The effect of a 24/7 society is a worry when it comes to sleep duration and quality, or the trend to a lack of! The 2016 Sleep Health Survey of Australian Adults highlighted that sleep problems are becoming more common. Sure, the report is one from 2016, but our take on that is that it simply means that you have had more time to do something!
Unsurprisingly, a lack of sleep was found to impact worker performance, with 29% of adults in the study reporting they have made errors at work due to sleepiness or sleep problems.
With 29% of persons reporting that they drive whilst drowsy, it is no surprise to workplaces that 1 in 5 people reported that they have nodded off when driving, whilst 1 in 4 of these people reporting to have had an accident in the past 12 months due to fatigue!
Don’t think for a second that no drivers, no issues! Fatigue was found to influence absenteeism figures, with 17% reporting to have missed work due to feeling sleepy.

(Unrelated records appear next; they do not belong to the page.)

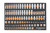 MODSET PRISE 3/8" DOUILLES MM, 104 PC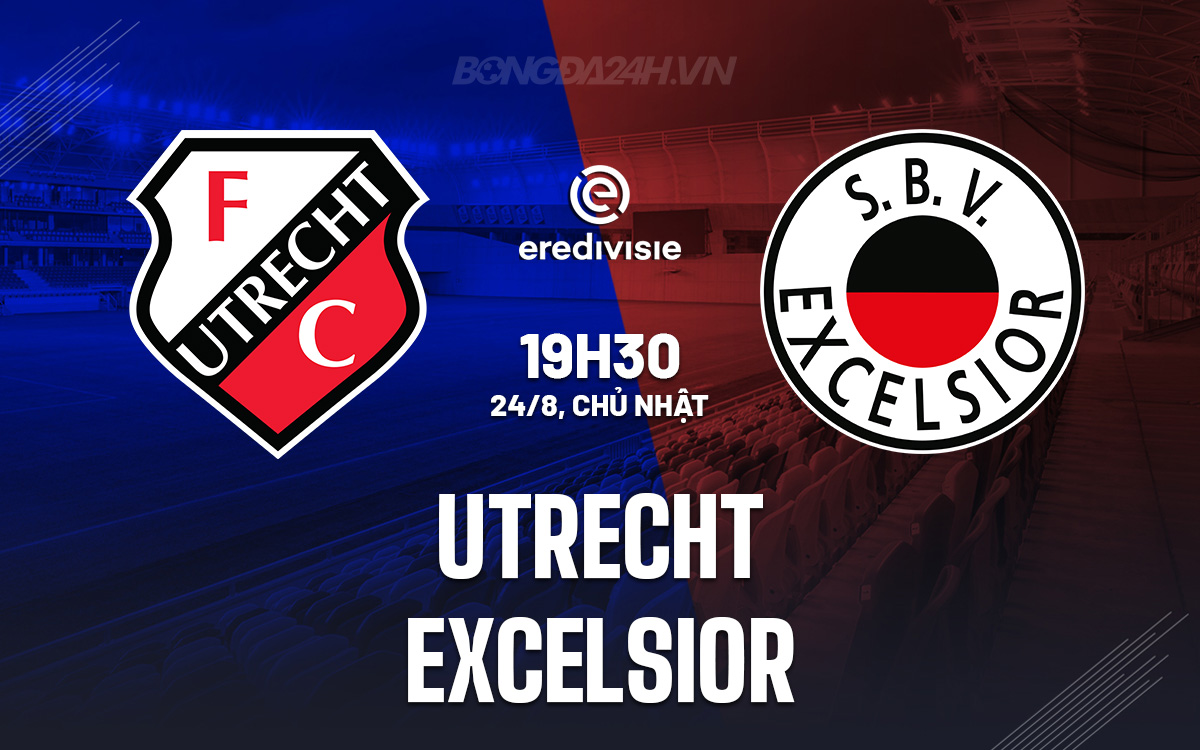 Utrecht vs Excelsior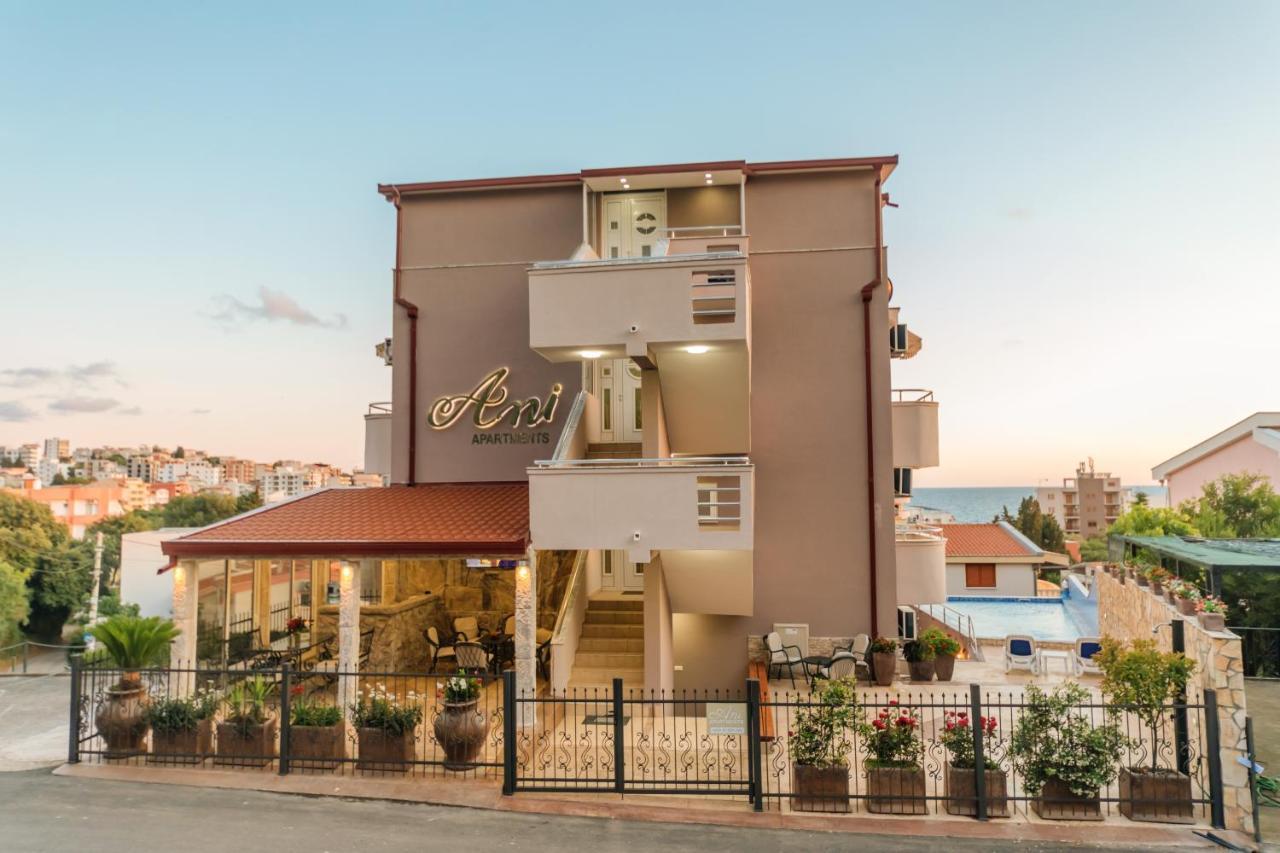 Ani Apartmani Dobra Voda Exteriér fotografie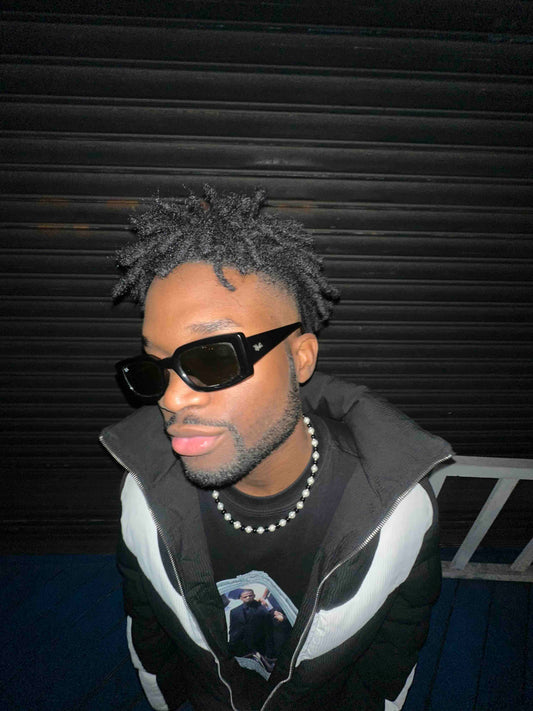 手作飾品品牌 Silhouette Spark 天然珍珠項鍊 Drew Necklace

That will sure impact your bottom line!
These stats are alarming for any business when it comes to ensuring not only a productive workforce, but one that can go home safely at the end of each day.
So, what can be done? Given dedicated siesta times are probably not practical, here are some other considerations for you:
- Have managers and supervisors regularly check-in with their teams to ensure they are on track to deliver. If they are struggling, this may allow you to make adjustments to resources.

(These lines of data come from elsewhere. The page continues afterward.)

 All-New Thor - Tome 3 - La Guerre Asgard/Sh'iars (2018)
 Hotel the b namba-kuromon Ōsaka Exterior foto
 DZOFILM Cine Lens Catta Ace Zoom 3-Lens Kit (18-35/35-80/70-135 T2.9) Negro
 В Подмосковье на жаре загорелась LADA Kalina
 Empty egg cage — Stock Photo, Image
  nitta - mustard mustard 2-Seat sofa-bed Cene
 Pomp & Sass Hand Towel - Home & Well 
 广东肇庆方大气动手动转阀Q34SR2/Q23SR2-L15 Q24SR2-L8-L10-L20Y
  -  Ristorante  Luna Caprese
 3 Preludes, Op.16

- Establish procedures where emails sent before 8 am and after 6 pm are discouraged. If there are workers working outside of these times, encourage them to delay the delivery of work emails until the next day – if you wouldn’t phone to tell the news, then you shouldn’t email!

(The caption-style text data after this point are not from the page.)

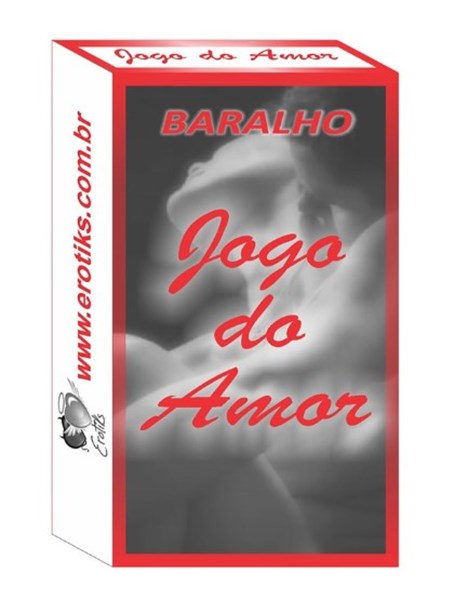 BARALHO - JOGO DO AMOR - HETERO - 20 CARTAS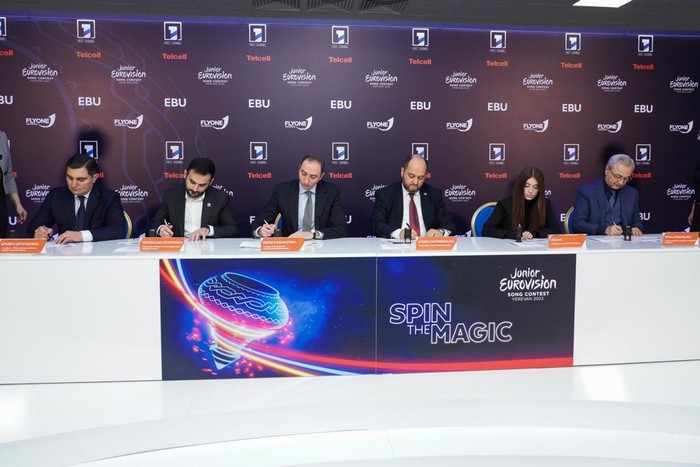 Արայիկ Հարությունյանը մասնակցել է «Մանկական Եվրատեսիլ 2022» թեմային նվիրված նամականիշի մարման արարող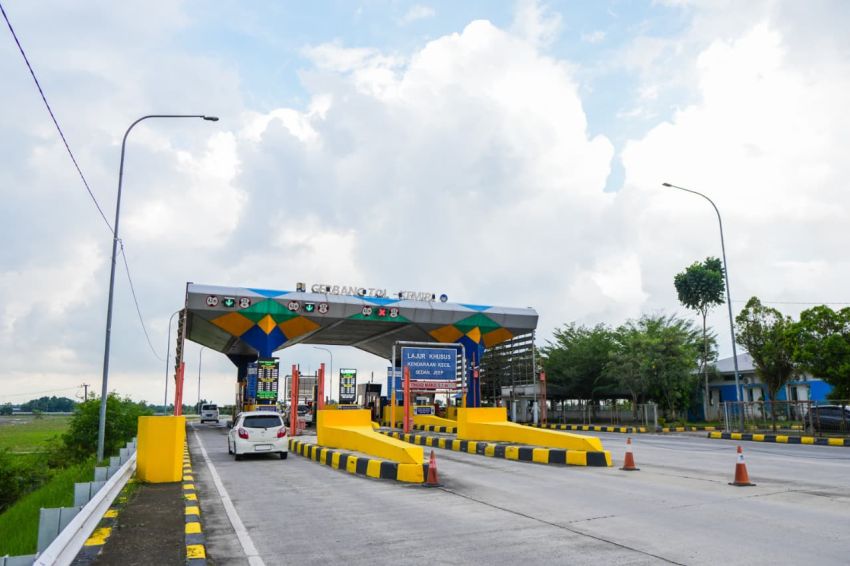 2,1 Juta Kendaraan Melintas, Tol Medan-Kualanamu-Tebing Tinggi Naik 13,9% Saat Lebaran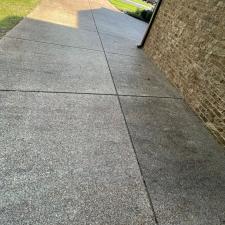 Roof Cleaning and Driveway & Walkways Pressure Washing in Collierville, TN 8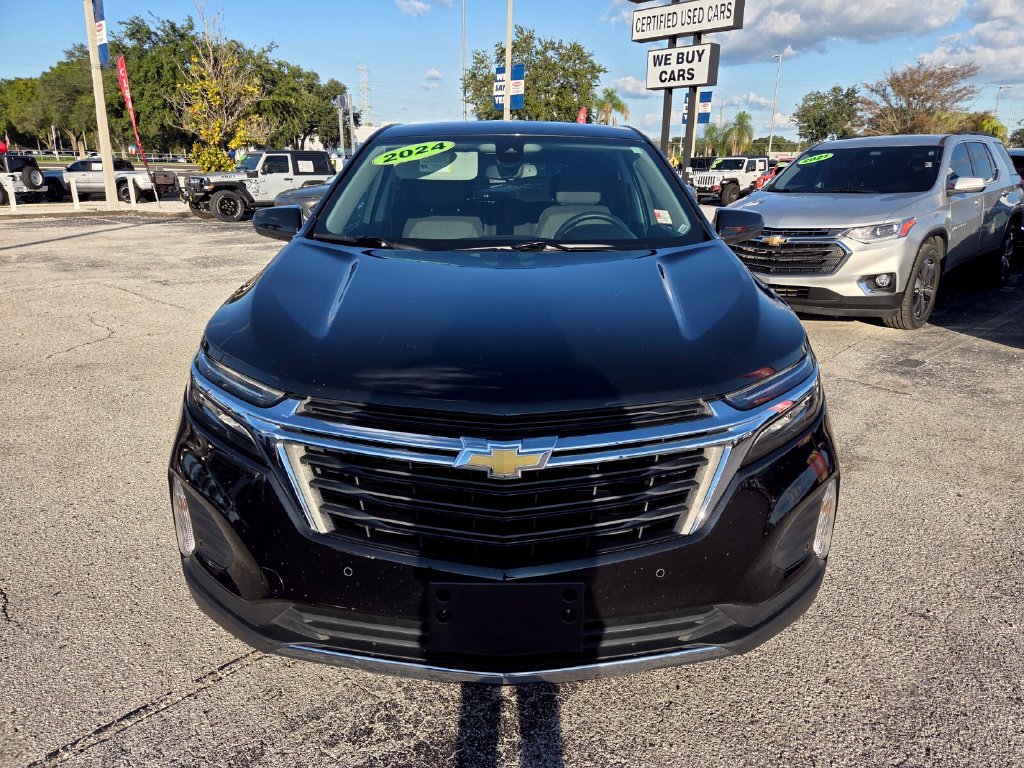 Used 2024 Chevrolet Equinox LT AWD/4WD image 20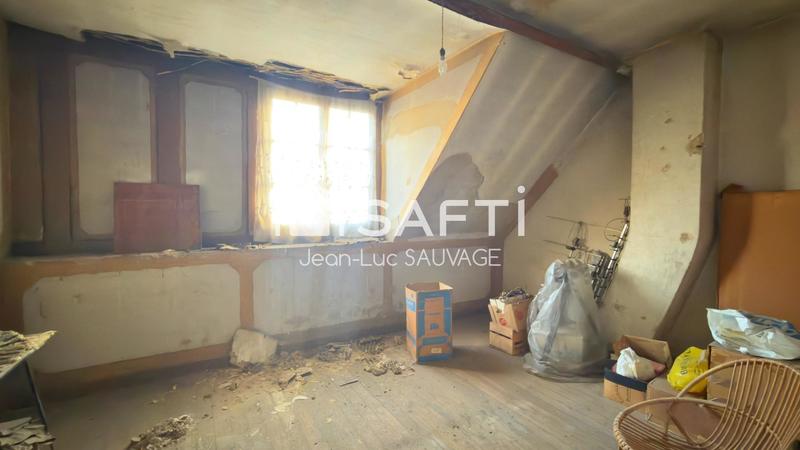 Maison - 90 m² - 5 pièces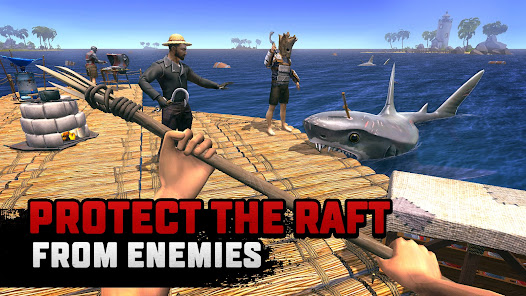Raft Survival: Multiplayer Mod APK 10.1.8 Gallery 8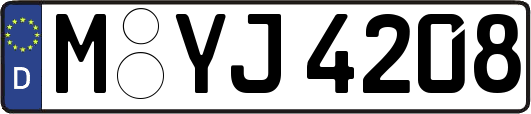 M-YJ4208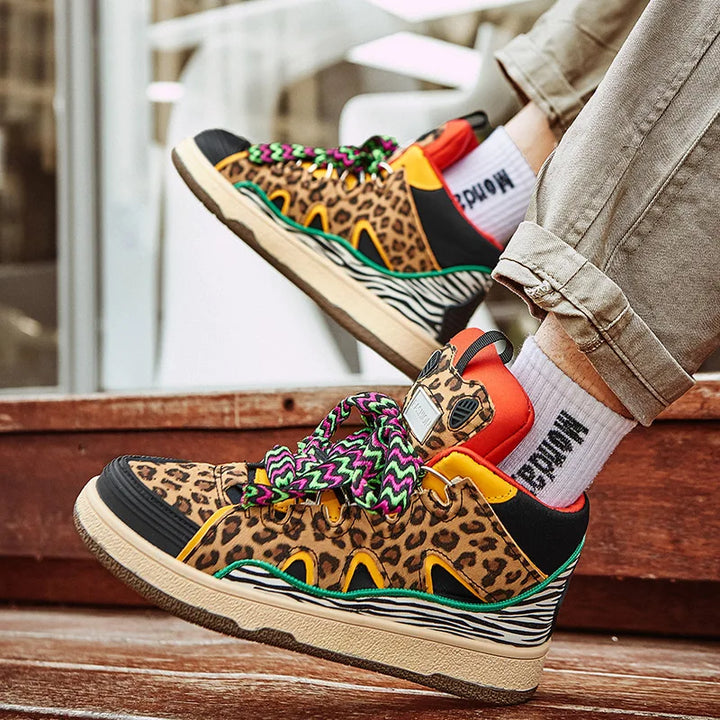 Wild Print High-Tops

- Encourage your leaders to leave loudly and on time. Let you workforce know this is ok.
- Be flexible and aware that family situations and/or travel (i.e. changes to public transport); both of these can result in early starts and/or late finishes. In fact, we previously wrote a blog about working dads, and methods that you can use to support their return to the workplace.
- As always, you may consider undertaking a toolbox talk and/or training (as part of a wellbeing campaign) on sleep. Provide your workers to understand the physiological importance.
- Consideration sleep disorder screening for higher risk work workers such as those in transport, shift work and heavy machinery operators…
This is by no means everything. We would love to hear any other tips/tricks/programs you have used.
Sleep tight and don’t let the bedbugs bite!